How will the flames help us fight the flu virus?

Although influenza is, in most cases, a transient and non-serious disease, certain populations, such as the elderly or people with weakened immunity, have a greater risk of becoming infected and the disease becomes more complicated, as well as greater possibilities. of responding poorly to vaccination. The disease itself is very variable and, as a result, vaccines must be combined with specific virus strains that circulate each flu season. If therapies based on broadly neutralizing antibodies (bnAbs) have so far been unsuccessful, it is partly due to a similar lack of coverage between viral strains of influenza A and B and the need for multiple high-dose injections to maintain protection. Now, a team of researchers has found in the flames a specific type of antibodies capable of acting against several strains of influenza virus. Although the procedure has only been tested in mice, its results, published in Science, are very promising. Although vaccines are currently the most widely used tool in the management and prevention of epidemics worldwide, their effectiveness between seasons and populations continues being limited. The new finding shows promise as a preventive measure that could be immediately effective at the beginning of an epidemic.

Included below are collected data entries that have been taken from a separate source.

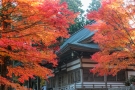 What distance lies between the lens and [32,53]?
459 inches

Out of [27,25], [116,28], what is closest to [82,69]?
[116,28]

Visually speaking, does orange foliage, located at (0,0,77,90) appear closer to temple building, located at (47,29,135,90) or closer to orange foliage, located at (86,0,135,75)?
orange foliage, located at (86,0,135,75)

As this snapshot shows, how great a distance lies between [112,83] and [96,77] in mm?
1699

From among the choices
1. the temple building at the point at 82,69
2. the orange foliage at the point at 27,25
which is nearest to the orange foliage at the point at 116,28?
the orange foliage at the point at 27,25

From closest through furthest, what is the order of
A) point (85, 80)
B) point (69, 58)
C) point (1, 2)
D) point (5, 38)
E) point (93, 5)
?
point (5, 38) → point (1, 2) → point (85, 80) → point (69, 58) → point (93, 5)

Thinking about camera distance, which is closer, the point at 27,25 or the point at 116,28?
the point at 27,25

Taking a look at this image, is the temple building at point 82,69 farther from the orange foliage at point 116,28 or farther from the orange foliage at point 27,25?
the orange foliage at point 27,25

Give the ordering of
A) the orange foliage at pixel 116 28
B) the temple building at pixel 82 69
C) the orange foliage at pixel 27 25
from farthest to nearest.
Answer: the temple building at pixel 82 69, the orange foliage at pixel 116 28, the orange foliage at pixel 27 25

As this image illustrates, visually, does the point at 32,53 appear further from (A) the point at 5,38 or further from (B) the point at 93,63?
(B) the point at 93,63

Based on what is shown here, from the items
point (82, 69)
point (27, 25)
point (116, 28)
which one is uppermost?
point (116, 28)

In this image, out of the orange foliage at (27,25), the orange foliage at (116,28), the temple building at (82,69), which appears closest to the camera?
the orange foliage at (27,25)

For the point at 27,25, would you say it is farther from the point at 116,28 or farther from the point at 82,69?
the point at 82,69

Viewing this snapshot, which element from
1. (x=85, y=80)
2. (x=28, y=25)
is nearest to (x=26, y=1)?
(x=28, y=25)

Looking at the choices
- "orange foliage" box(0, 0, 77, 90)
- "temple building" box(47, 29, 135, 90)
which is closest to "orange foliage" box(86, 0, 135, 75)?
"orange foliage" box(0, 0, 77, 90)
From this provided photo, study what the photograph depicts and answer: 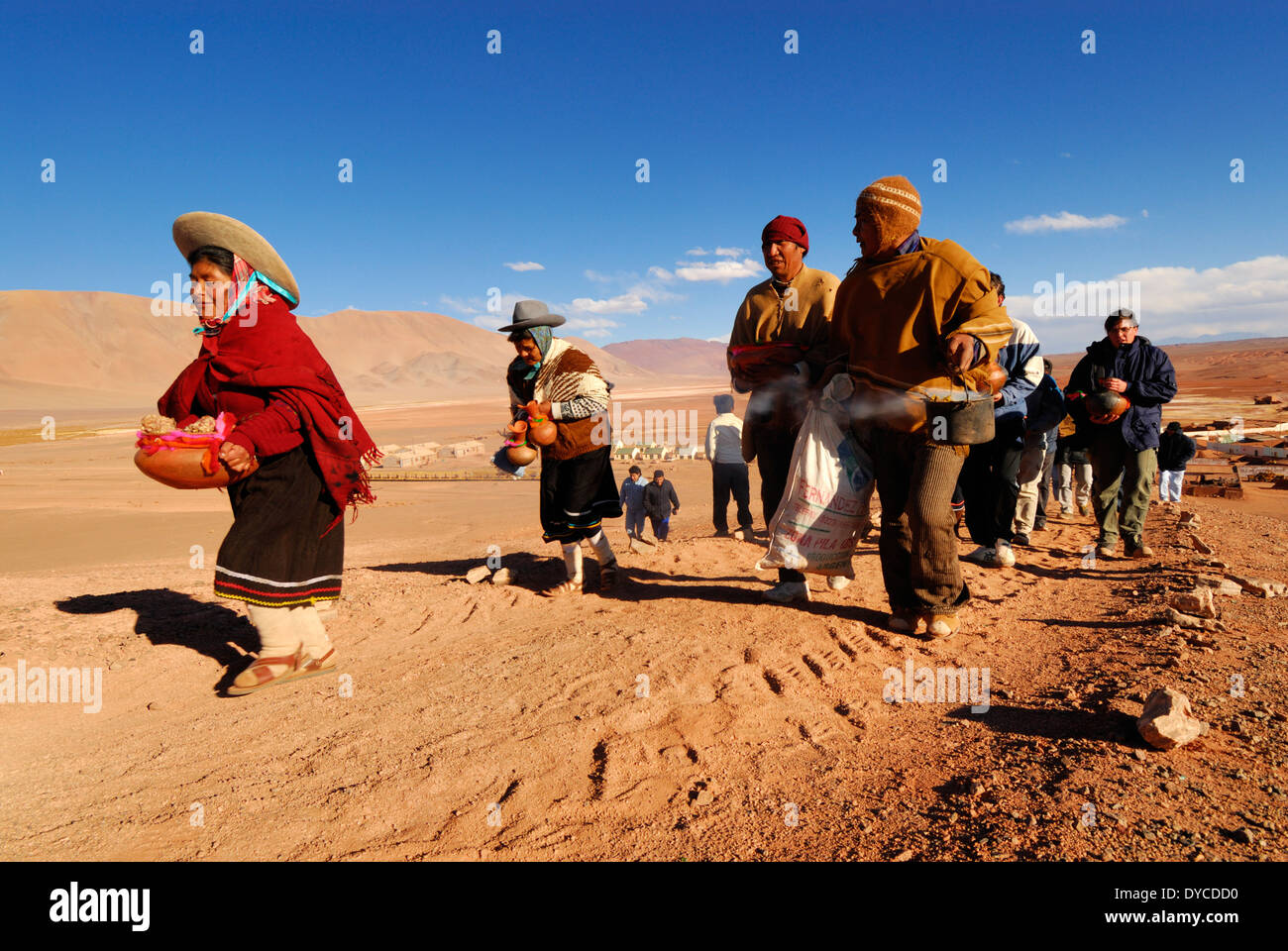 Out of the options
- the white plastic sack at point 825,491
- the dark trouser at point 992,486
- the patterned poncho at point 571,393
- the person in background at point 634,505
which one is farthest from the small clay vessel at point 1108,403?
the person in background at point 634,505

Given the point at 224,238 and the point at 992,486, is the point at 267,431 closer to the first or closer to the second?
the point at 224,238

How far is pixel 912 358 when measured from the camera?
11.9 ft

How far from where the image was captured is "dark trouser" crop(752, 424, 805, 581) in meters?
4.54

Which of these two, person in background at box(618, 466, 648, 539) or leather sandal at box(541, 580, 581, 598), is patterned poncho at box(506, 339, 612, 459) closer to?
leather sandal at box(541, 580, 581, 598)

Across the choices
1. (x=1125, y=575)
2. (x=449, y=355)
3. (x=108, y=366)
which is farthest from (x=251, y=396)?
(x=449, y=355)

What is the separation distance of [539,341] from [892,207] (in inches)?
94.7

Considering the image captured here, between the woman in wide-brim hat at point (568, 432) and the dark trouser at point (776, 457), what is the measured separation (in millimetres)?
1039

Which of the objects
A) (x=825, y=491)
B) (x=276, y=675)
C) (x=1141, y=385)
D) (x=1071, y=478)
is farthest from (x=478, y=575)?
(x=1071, y=478)

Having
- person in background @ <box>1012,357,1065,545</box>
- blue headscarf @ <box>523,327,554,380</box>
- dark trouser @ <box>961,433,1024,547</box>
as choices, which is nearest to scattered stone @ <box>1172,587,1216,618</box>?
dark trouser @ <box>961,433,1024,547</box>

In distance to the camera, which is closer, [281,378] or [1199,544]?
[281,378]

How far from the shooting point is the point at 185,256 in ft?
11.8

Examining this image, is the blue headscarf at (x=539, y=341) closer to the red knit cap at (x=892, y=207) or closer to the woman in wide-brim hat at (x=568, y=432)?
the woman in wide-brim hat at (x=568, y=432)

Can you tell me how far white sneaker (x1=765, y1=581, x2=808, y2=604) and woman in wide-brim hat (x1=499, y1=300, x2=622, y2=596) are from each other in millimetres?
1305

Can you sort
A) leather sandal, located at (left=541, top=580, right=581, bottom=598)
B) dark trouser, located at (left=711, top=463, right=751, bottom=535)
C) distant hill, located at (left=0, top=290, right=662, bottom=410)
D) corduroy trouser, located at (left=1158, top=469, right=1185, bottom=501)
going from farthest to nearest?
distant hill, located at (left=0, top=290, right=662, bottom=410), corduroy trouser, located at (left=1158, top=469, right=1185, bottom=501), dark trouser, located at (left=711, top=463, right=751, bottom=535), leather sandal, located at (left=541, top=580, right=581, bottom=598) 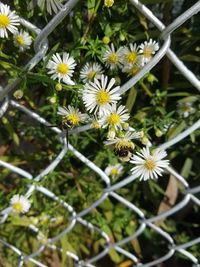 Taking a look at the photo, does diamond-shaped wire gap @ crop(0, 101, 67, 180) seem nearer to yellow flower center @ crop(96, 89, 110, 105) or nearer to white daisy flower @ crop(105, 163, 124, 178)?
white daisy flower @ crop(105, 163, 124, 178)

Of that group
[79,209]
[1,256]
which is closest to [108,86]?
[79,209]

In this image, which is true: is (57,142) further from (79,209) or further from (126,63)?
(126,63)

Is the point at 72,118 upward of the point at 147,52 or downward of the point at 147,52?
downward

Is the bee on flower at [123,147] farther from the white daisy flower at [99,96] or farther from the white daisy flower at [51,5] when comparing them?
the white daisy flower at [51,5]

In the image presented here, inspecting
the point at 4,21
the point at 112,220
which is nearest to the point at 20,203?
the point at 112,220

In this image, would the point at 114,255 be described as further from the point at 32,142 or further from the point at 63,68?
the point at 63,68

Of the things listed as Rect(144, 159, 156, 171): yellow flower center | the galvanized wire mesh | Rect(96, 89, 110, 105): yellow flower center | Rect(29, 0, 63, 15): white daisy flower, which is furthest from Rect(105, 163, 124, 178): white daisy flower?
Rect(29, 0, 63, 15): white daisy flower

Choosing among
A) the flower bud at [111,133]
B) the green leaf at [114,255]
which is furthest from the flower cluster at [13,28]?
the green leaf at [114,255] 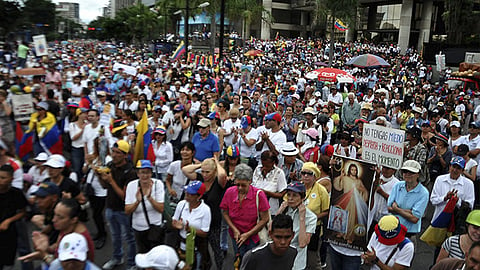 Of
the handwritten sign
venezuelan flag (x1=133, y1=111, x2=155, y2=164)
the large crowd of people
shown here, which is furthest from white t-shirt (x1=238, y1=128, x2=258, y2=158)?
the handwritten sign

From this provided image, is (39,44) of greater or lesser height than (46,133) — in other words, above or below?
above

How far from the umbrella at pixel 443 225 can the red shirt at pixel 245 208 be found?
6.95ft

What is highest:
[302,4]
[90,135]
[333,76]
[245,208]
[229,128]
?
[302,4]

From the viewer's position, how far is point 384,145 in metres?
5.65

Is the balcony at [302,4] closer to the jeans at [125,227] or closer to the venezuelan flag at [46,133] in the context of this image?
the venezuelan flag at [46,133]

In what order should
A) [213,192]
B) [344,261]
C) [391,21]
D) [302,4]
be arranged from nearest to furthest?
1. [344,261]
2. [213,192]
3. [391,21]
4. [302,4]

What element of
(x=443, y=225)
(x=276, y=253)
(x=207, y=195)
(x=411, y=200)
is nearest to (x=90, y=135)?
(x=207, y=195)

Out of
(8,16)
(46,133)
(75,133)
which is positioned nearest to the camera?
(46,133)

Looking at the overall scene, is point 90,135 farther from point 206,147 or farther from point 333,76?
point 333,76

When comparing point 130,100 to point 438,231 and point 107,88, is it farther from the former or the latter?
point 438,231

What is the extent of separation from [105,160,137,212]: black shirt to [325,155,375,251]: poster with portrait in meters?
2.36

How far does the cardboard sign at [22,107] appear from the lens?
7.72 m

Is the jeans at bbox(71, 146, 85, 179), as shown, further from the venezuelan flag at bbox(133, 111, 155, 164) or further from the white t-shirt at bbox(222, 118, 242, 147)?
the white t-shirt at bbox(222, 118, 242, 147)

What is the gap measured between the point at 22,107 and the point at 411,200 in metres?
6.76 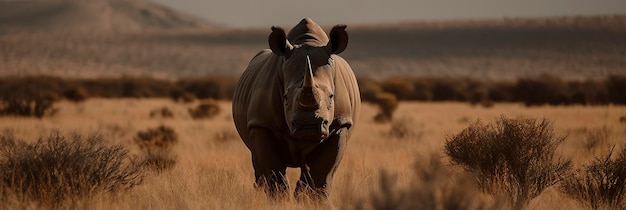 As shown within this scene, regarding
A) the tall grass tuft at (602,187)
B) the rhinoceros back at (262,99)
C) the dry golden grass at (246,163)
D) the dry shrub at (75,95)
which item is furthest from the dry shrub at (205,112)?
the tall grass tuft at (602,187)

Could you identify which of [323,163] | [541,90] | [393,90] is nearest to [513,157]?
[323,163]

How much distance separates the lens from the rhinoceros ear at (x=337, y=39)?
718 centimetres

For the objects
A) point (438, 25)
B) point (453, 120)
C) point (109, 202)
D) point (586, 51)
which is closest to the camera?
point (109, 202)

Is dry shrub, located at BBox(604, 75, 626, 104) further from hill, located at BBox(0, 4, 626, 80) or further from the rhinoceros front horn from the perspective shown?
hill, located at BBox(0, 4, 626, 80)

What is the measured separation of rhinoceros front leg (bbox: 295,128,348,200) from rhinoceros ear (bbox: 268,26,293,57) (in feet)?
2.53

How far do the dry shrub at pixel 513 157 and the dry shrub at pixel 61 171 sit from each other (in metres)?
3.14

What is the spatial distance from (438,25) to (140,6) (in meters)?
105

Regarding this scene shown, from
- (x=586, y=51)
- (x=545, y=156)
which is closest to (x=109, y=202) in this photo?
(x=545, y=156)

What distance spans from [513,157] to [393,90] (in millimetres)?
40401

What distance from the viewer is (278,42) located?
23.5 feet

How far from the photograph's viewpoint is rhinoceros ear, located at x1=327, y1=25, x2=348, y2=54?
718cm

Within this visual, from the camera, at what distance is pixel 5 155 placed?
7.54 m

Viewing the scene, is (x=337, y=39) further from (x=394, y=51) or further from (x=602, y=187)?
(x=394, y=51)

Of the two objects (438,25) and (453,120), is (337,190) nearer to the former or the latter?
(453,120) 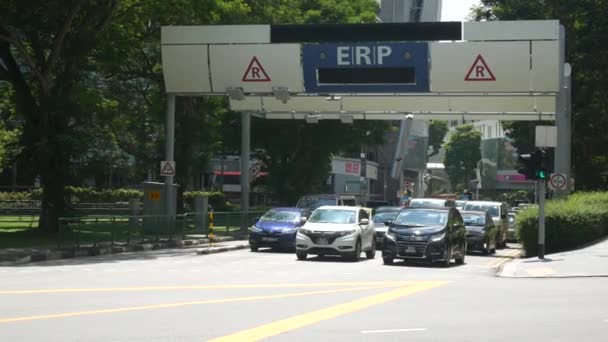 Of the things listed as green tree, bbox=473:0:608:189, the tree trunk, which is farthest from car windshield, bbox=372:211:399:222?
green tree, bbox=473:0:608:189

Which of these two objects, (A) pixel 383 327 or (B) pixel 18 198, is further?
(B) pixel 18 198

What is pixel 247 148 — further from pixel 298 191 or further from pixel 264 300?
pixel 264 300

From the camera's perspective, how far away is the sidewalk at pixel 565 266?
70.8 feet

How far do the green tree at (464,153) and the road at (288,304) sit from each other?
104 meters

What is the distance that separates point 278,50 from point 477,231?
33.5ft

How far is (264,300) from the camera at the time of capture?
14.9m

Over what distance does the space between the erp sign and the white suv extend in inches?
310

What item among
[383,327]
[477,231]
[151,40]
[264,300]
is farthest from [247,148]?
[383,327]

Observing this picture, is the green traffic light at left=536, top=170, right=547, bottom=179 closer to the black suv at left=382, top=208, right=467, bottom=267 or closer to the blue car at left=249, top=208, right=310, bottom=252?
the black suv at left=382, top=208, right=467, bottom=267

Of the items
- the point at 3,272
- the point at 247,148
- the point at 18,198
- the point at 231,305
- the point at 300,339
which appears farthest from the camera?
the point at 18,198

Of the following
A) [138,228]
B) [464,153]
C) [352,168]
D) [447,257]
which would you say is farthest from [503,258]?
[464,153]

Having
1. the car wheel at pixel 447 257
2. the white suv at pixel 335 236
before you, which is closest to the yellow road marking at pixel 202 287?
the car wheel at pixel 447 257

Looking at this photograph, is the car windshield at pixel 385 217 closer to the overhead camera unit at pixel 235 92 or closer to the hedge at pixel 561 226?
the hedge at pixel 561 226

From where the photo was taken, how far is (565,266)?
23516 millimetres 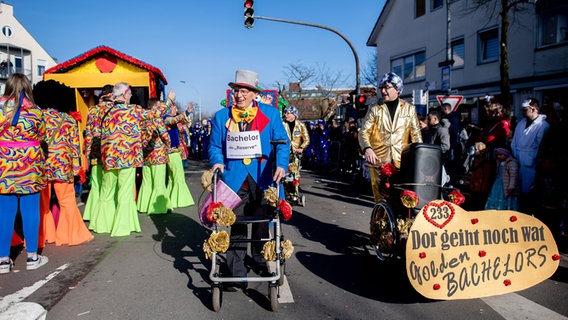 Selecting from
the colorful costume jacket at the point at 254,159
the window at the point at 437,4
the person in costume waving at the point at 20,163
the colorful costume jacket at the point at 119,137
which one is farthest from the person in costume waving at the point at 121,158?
the window at the point at 437,4

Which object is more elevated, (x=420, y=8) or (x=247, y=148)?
(x=420, y=8)

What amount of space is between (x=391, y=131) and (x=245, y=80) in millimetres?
2031

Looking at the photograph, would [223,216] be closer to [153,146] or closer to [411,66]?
[153,146]

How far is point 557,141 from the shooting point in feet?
20.5

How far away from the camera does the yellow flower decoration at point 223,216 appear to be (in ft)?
12.3

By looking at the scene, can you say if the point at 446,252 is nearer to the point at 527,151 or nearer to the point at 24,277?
the point at 527,151

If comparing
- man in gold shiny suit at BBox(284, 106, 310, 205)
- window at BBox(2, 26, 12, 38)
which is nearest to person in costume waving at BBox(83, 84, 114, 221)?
man in gold shiny suit at BBox(284, 106, 310, 205)

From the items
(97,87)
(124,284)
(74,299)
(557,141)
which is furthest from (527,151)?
(97,87)

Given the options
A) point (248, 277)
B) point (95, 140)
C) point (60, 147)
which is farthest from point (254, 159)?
point (95, 140)

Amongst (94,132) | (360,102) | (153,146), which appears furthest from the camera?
(360,102)

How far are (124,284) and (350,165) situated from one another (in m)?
11.8

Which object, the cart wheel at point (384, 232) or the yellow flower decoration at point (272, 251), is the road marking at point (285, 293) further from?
the cart wheel at point (384, 232)

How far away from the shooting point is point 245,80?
4336 mm

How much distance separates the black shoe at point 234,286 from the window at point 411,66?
78.3 ft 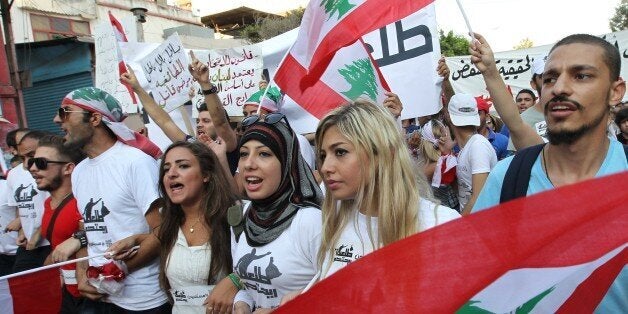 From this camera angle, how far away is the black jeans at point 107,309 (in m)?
3.24

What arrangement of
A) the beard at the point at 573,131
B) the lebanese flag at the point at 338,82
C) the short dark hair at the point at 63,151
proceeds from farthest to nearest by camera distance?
1. the short dark hair at the point at 63,151
2. the lebanese flag at the point at 338,82
3. the beard at the point at 573,131

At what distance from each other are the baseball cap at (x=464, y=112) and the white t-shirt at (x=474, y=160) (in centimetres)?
18

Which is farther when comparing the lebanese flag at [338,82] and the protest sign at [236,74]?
the protest sign at [236,74]

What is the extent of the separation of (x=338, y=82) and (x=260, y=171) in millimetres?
1378

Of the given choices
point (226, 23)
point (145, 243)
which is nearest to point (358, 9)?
point (145, 243)

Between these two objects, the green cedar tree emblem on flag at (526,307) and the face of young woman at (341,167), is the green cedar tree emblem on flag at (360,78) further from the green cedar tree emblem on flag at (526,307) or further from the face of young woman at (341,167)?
the green cedar tree emblem on flag at (526,307)

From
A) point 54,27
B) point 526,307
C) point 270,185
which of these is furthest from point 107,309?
point 54,27

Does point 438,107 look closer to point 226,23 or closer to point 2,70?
point 2,70

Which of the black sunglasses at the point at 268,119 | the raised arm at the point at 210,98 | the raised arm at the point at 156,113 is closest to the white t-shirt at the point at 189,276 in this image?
the black sunglasses at the point at 268,119

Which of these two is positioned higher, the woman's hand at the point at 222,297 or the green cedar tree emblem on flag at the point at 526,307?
the green cedar tree emblem on flag at the point at 526,307

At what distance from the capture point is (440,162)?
15.0 ft

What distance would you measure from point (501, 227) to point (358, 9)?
2.41 m

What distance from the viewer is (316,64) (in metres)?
3.46

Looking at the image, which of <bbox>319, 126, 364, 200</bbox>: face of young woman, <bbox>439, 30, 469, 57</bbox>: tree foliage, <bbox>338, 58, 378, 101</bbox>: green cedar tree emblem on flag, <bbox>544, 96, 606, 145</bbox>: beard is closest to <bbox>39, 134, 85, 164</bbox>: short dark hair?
<bbox>338, 58, 378, 101</bbox>: green cedar tree emblem on flag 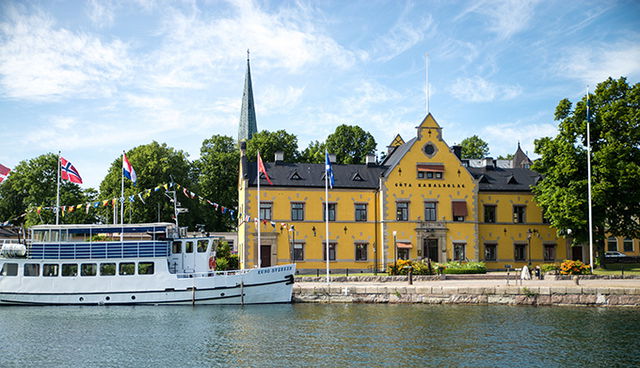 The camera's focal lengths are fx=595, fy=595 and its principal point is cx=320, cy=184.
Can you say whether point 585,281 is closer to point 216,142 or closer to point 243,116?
point 216,142

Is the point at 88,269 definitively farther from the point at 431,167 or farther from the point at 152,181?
the point at 431,167

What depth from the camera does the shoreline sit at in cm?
3434

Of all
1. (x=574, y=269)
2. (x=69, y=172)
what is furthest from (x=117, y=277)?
(x=574, y=269)

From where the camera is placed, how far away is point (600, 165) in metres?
47.9

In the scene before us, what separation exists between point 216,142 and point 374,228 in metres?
31.6

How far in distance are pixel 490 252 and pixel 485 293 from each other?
784 inches

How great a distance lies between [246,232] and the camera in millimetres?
50812

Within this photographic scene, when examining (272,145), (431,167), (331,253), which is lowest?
(331,253)

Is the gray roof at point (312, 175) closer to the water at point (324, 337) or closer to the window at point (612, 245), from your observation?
the water at point (324, 337)

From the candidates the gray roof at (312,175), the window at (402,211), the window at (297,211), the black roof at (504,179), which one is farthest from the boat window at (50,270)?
the black roof at (504,179)

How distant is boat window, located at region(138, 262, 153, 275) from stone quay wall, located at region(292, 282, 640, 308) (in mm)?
9267

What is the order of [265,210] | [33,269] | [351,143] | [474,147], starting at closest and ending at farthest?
[33,269] < [265,210] < [351,143] < [474,147]

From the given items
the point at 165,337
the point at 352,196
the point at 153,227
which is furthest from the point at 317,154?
the point at 165,337

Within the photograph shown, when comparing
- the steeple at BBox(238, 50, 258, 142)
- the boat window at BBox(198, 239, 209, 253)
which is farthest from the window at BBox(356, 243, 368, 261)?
the steeple at BBox(238, 50, 258, 142) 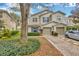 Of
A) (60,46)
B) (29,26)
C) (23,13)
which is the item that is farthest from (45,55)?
(23,13)

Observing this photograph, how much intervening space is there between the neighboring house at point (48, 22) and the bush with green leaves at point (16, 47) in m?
0.15

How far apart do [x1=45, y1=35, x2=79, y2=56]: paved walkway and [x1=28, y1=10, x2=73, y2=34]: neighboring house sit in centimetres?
7

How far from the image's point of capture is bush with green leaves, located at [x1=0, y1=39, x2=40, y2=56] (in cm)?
216

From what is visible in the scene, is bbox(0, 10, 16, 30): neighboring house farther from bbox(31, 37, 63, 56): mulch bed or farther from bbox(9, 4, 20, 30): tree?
bbox(31, 37, 63, 56): mulch bed

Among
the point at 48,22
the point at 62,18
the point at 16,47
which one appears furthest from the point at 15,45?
the point at 62,18

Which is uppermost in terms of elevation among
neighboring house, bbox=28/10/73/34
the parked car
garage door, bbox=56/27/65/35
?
neighboring house, bbox=28/10/73/34

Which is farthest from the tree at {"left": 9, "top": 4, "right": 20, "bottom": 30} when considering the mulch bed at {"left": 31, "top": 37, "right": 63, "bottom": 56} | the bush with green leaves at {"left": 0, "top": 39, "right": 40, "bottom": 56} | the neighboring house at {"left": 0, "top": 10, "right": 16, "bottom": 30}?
the mulch bed at {"left": 31, "top": 37, "right": 63, "bottom": 56}

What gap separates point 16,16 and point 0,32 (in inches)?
8.8

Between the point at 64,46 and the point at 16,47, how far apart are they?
0.47 m

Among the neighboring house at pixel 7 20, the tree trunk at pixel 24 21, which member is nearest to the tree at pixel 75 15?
the tree trunk at pixel 24 21

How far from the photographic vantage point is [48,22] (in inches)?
87.5

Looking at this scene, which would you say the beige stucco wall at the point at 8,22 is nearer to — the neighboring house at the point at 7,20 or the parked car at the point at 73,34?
the neighboring house at the point at 7,20

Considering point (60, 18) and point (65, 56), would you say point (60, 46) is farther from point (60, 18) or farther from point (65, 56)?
point (60, 18)

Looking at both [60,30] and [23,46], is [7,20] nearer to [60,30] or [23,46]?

— Including avian influenza —

Researchers led by Nick Laursen, of the Scripps Research Institute in La Jolla, California (USA), have generated a new anti-flu antibody that demonstrates lasting and universal protection against a wide variety of influenza A and B viruses. , including strains of avian transmission such as H1N1. According to the results, the rapid onset of comprehensive protection against influenza that may be able to provide protection for a whole season, particularly in elderly or immunocompromised. Scientists aim to achieve lasting protection against the virus of the Influenza-based single domain antibodies (sdAb) broadly isolated flame isolates immunized with influenza vaccines. Of these sdAbs, the authors generated a highly potent multi-domain antibody (MDAb), antibodies that can be targeted to multiple epitopes of antigens, called MD3606. In mice treated intranasally using an adenovirus vector, the antibodies provided almost universal protection against influenza A and B viruses In addition, it was shown that old and immunodeficient animals were protected against lethal doses of H1N1 avian influenza. If these preclinical findings are translated into humans, we could be facing a powerful tool to fight the flu in vulnerable populations that are not currently covered by traditional vaccination, the researchers conclude.